Hattie Morahan and Charity Wakefield play the Dashwood Sisters in "Sense and Sensibility."
Dominic Cooper portrays one of the love interests.

Masterpiece
Sundays at 9 p.m.

on WKAR-HD and WKAR-23


"Masterpiece" Offers Two-Part "Sense and Sensibility"

Sense is correct judgment. Sensibility is quickness of emotion. Two sisters with wildly different proportions of each throw their hearts into the search for true love in Masterpiece’s delightful adaptation of Sense and Sensibility, airing Sundays, March 30-April 6, at 9 p.m.

Andrew Davies (Bleak House) wrote the screenplay for this final installment of The Complete Jane Austen, U.S. television’s first broadcast of all six of Austen’s immortal novels. Davies is renowned for his adaptations of many classic literary works, including the series’ versions of Northanger Abbey, Emma and Pride and Prejudice.

Newcomer Hattie Morahan plays the sister with sense, Elinor Dashwood, who is also kind, good-tempered and scrupulously discreet. Fortunately, Elinor has a passionate streak just waiting for release. On the sensibility side, Charity Wakefield (Jane Eyre) is Elinor’s outgoing, impetuous younger sister, Marianne, who is inclined to cast caution to the wind where men are concerned — a potentially ruinous path in late 18th-century English society. Before the story is over, however, Marianne learns to tap her inner reserves of rationality.

Janet McTeer (The Amazing Mrs. Pritchard) stars as the girls’ mother, the widowed matriarch of the little female band, living in virtual penury thanks to spineless stepson John Dashwood (Mark Gatiss) and his wicked wife, Fanny (Claire Skinner). Lucy Boynton plays the youngest sister, Margaret, who has a child’s gift for stating the obvious when her sisters are inclined to deceive themselves.

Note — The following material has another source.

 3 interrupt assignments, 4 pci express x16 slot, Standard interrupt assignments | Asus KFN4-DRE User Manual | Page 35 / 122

The men in this romantic fantasy are a mysterious lot. Dan Stevens plays Edward Ferrars, Fanny’s aimless but adorable brother, who wins Elinor’s heart early on but then inexplicably disappears. David Morrissey is stalwart Colonel Brandon, who overcomes a melodramatic episode of lost love from his past to fall head over heels for Marianne. Dominic Cooper is smoldering charmer John Willoughby, whom Marianne favors over the colonel.

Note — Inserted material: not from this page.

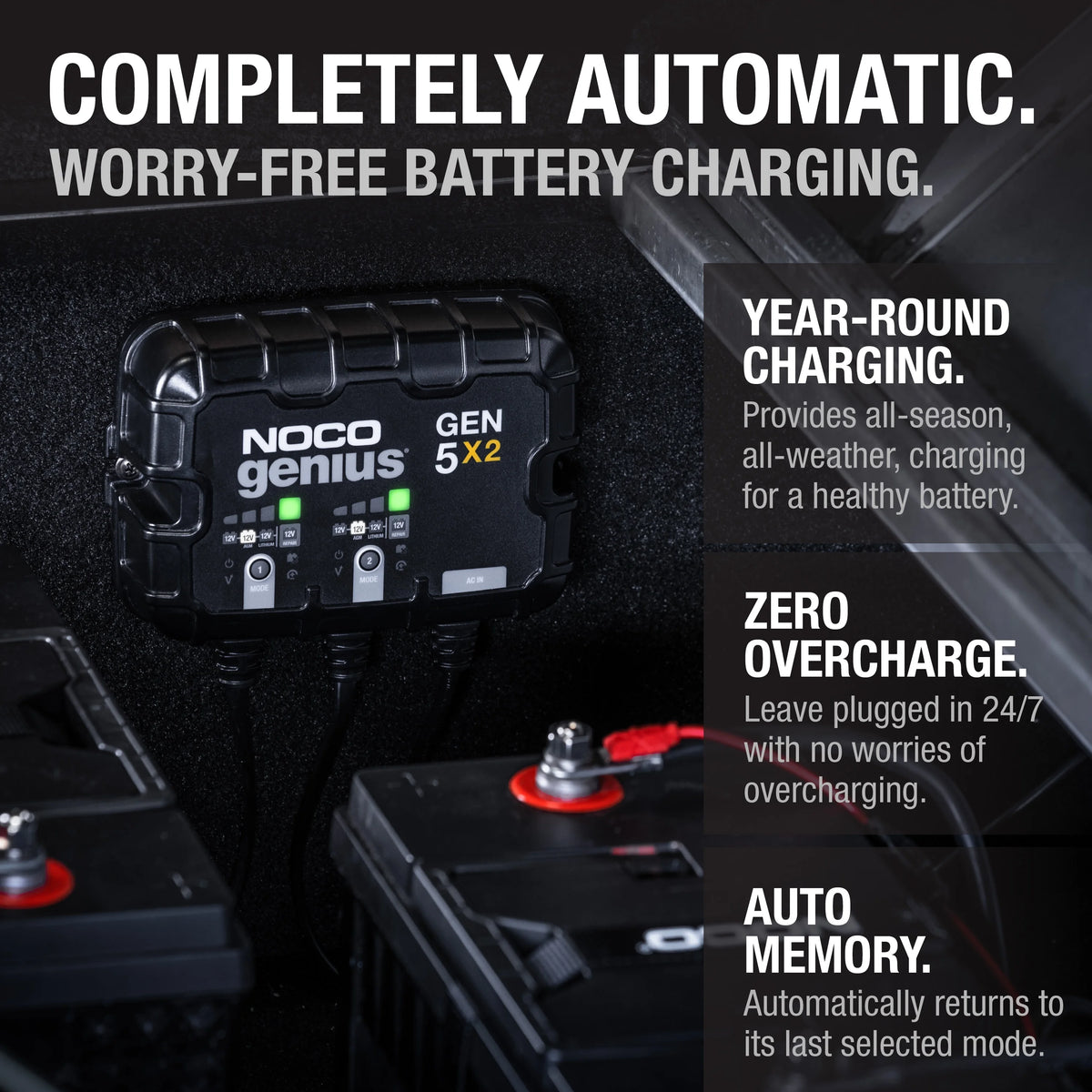 2-Bank 10A 12V Onboard Battery Charger E24598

Longtime Masterpiece fans will welcome the return of Jean Marsh, the house-parlor maid Rose in Upstairs, Downstairs,who appears in a quite different role in this production as Mrs. Ferrars, Edward and Fanny’s rich, imperious mother.

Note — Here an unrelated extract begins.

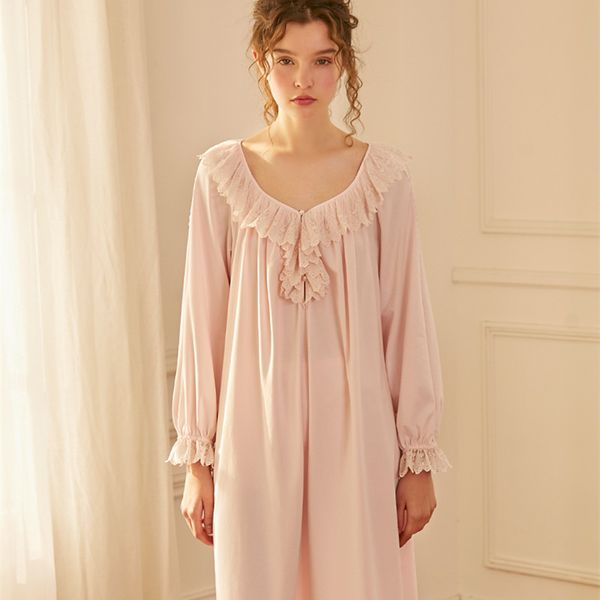 women cotton nightgown elegant sleepwear dress for women nightgown pink white, Black;red
women cotton nightgown elegant sleepwear dress for women nightgown pink white, Black;red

Sense and Sensibility was Jane Austen’s first published novel, appearing in 1811 to glowing reviews like this one: “The incidents are probable, and highly pleasing, and interesting; the conclusion such as the reader must wish it should be, and the whole is just long enough to interest without fatiguing.”

In an era rife with novels of courtship, Austen’s books stood out for their vivid characters, witty social commentary and satisfyingly complex routes to the altar. Sense and Sensibility fits the pattern with a pair of sisters who are as different as they can be, both facing the dim marriage prospects of the impoverished gentry.

Whether consciously or not, Austen goes in for a little symbolism to reflect her heroines’ plight: the novel contains more rain than any of her other books. In particular, the plot turns on two scenes in which Marianne is caught out in the elements.

Heightening the weather motif, screenwriter Davies employs a downpour for a scene emphasizing Edward’s love-tormented psyche. Davies also expands on a couple of episodes that Austen considered too shocking to write about in anything but cloaked language: a shameful seduction involving one of the protagonists and a duel to satisfy manly honor.

Of course, there is something else entirely that will satisfy womanly honor, and Austen sees that we get it exactly as we “wish it should be.”